== What you should do ==
Please repeat exactly the lines below from the line with "Celio Nohavice chino Todaniel" to the line with "Thoornpolder 52 Hoofddorp thumbnail 42", including both, and leave out every picture.

== Source data ==

BEGIN

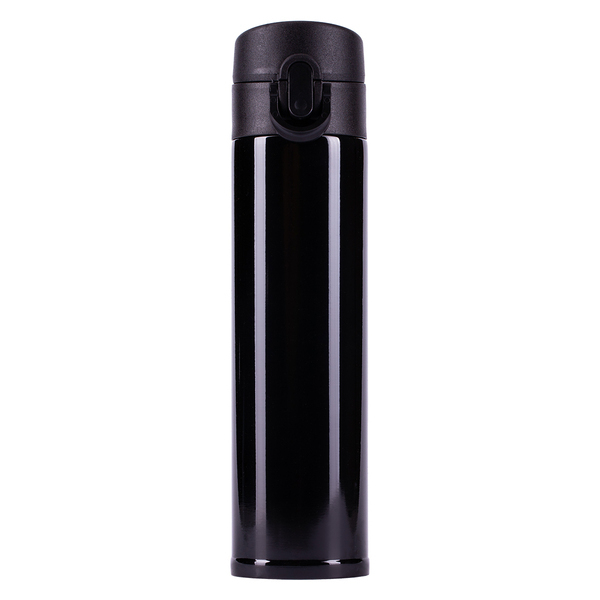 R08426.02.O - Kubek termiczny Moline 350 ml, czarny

END
BEGIN

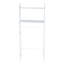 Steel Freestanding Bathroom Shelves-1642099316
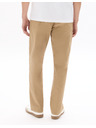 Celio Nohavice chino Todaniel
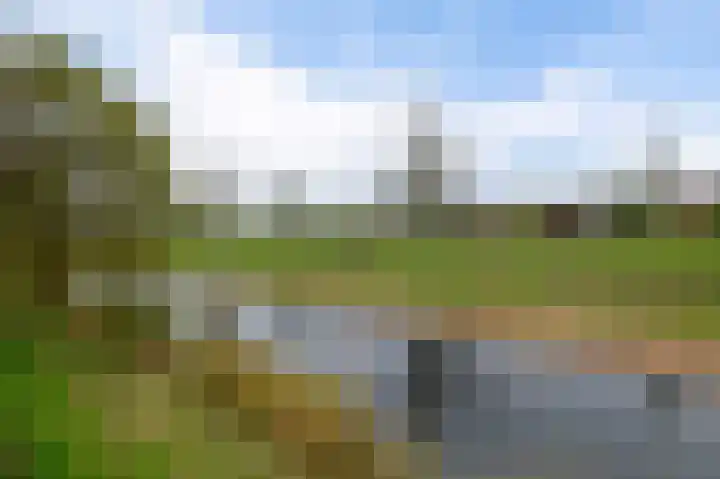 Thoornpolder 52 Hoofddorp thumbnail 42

END
BEGIN

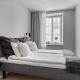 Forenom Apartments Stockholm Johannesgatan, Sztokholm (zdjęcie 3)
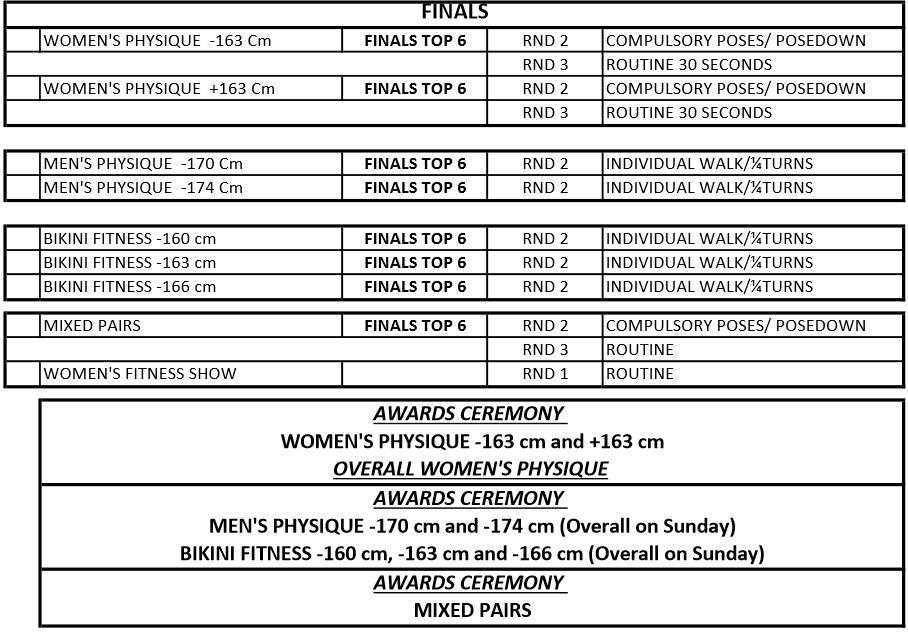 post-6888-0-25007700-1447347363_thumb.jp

END

== Finished exercise ==
 Celio Nohavice chino Todaniel
 Thoornpolder 52 Hoofddorp thumbnail 42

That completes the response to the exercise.